One Latvian who has made it his personal mission to continue Riga’s tradition of architectural excellence is Maris Gailis, a down-to-earth Renaissance man who wears a horseshoe earring and a Hawaiian shirt, and who recently returned from a two-year sailing trip around the world. "Before I got into real estate, I worked in government," Gailis tells me over an espresso outside his trendy restaurant, the Factory. "I was prime minister."
I had, in fact, managed to glean before arriving that Gailis had recently run the country. Now he presides, more or less, over the island of Kipsala, a strip of land just across the Daugava River from Old Town, which used to serve as the Soviet military’s laundromat.

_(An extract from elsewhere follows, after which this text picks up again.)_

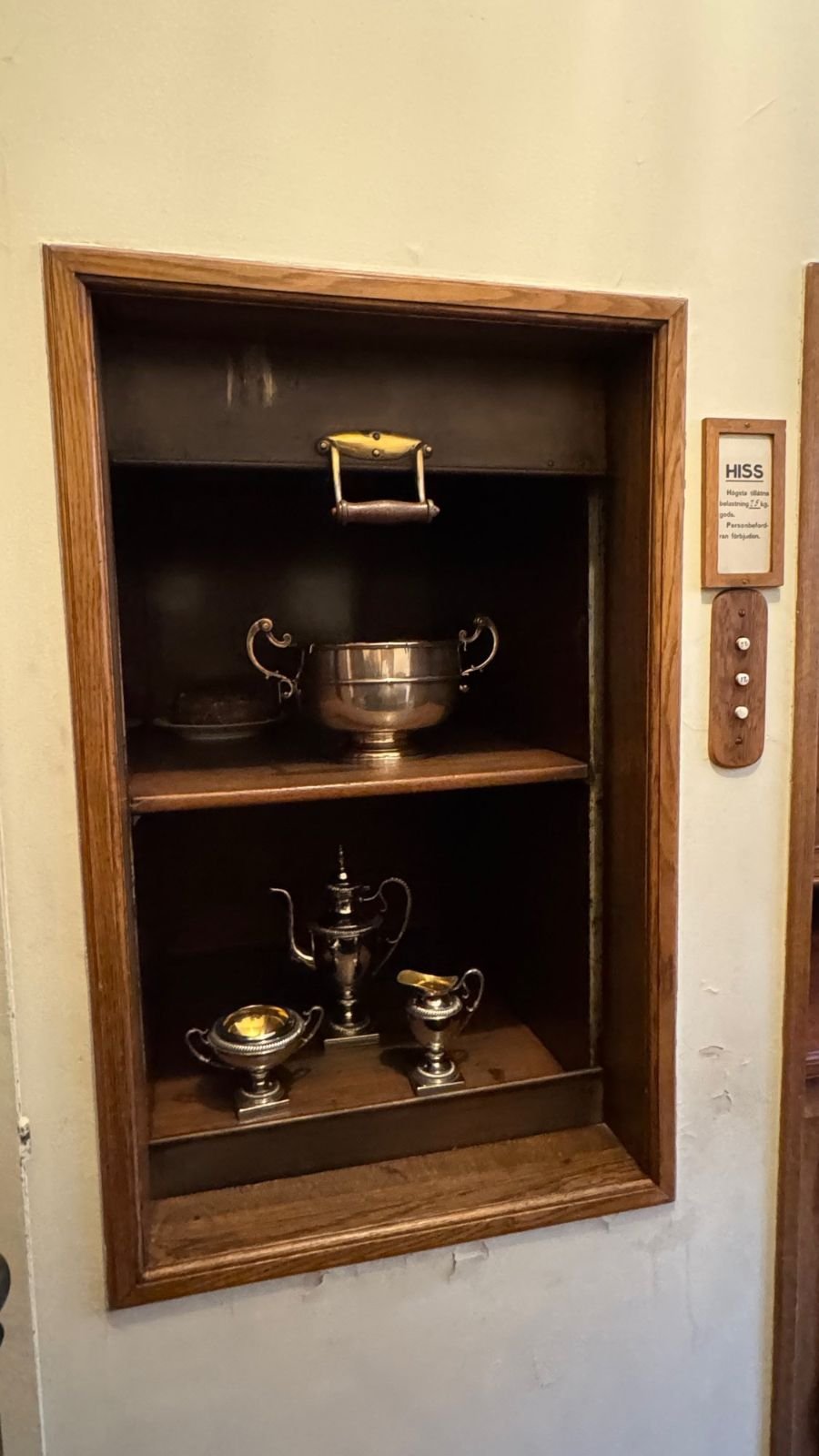 A food lift in the wall with a silver dish and a bowl, used to send warm food up to the dining room at the Hallwyl Museum.
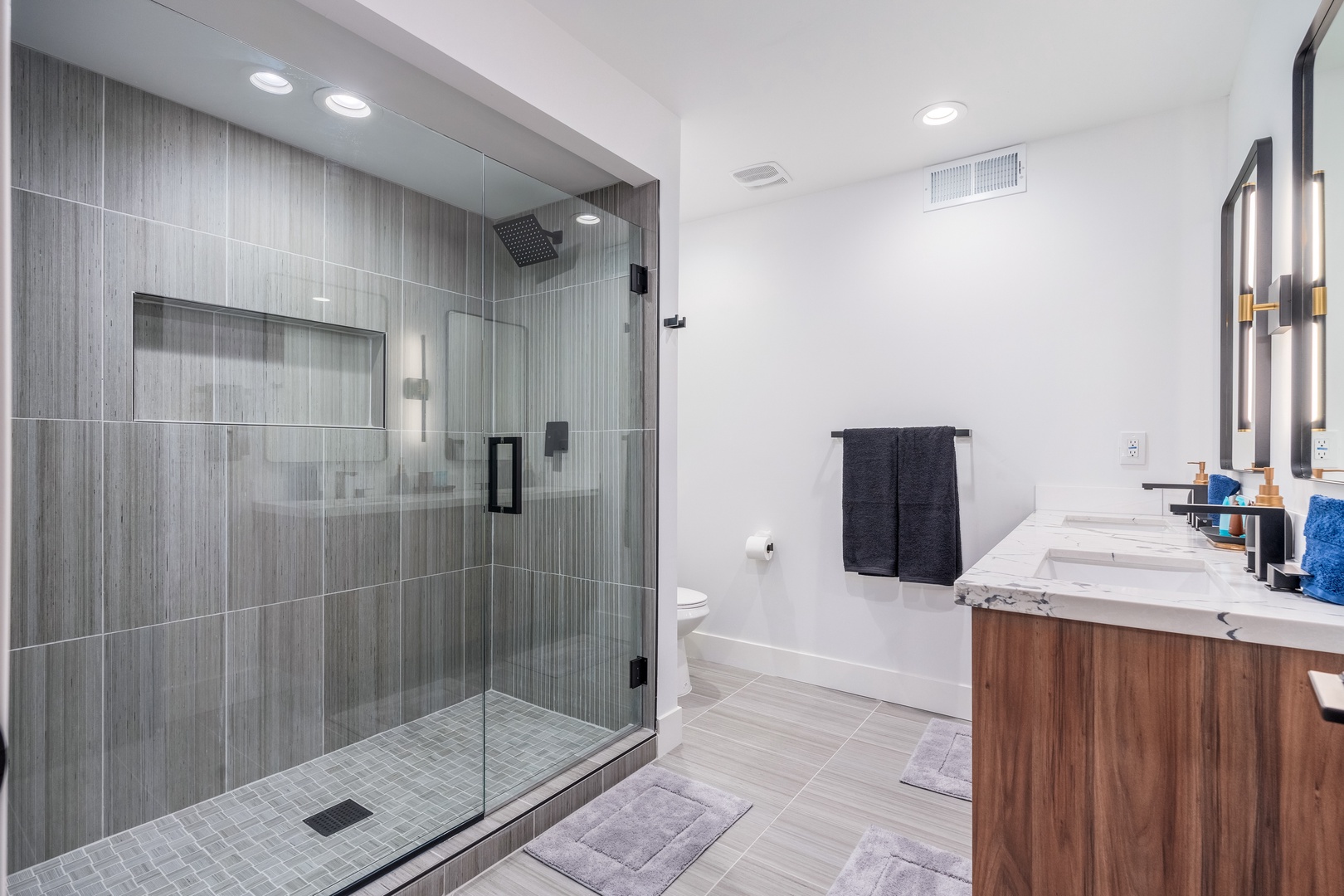 Refresh in your spa-inspired bathroom with a sleek walk-in shower, soaking tub, and modern dual vanity. Soft lighting and chic finishes make every morning feel luxurious.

Gailis showed me around the area, where he and his wife, Zaiga, an architect, have built the restaurant and a group of loft apartments and are in the process of refurbishing several houses that are hundreds of years old. The handicraft is spare and full of regard for the original wooden style, complete with wood-burning stoves and floors made from thick planks Gailis recovers from abandoned buildings. There is also a single stand-alone hotel room, a 200-year-old former smokehouse that Gailis has turned into a cozy loft with exposed beams and skylights. (Since so few people know about it, he rents it for only 100 euros per night.) They even went to the effort of ripping up several roads and re-laying them with cobblestones. "This place is only for lovers," he said, meaning people who could appreciate the aesthetic and, of course, be willing and able to pay for it. In the last two years, his properties have appreciated 400 percent.
On my last day in Riga, I decided to drive 30 minutes outside the city to Jurmala, a beach town on the Baltic Sea. The sandy beach was smooth and crowded with scantily clad people, and within five or 10 minutes I was wading into the cool, oddly brownish surf.
When I returned to my hotel, I had only a few hours left in town, so I asked the bartender to dispense his impressions of Riga. He related an old Rigan legend that says that every 100 years a magpie flies over the Daugava River and cries: "Is Riga ready yet?"
"But the magpie is really a witch," the bartender continued.
"I can imagine," I said, hoping it wouldn’t be one of those stories I couldn’t follow.
"And if anyone says Riga is ready, the city will sink into the river."
The new Venice, I thought, annoying myself, then asked, "So what will happen the next time?" "We can never be ready," he said, sweeping his arm across the bar as if to say voilà. I thought about it for a few minutes. Riga: Perpetually unprepared. It was a unique and yet malleable motto, a blessing and a curse. And it seemed to fit.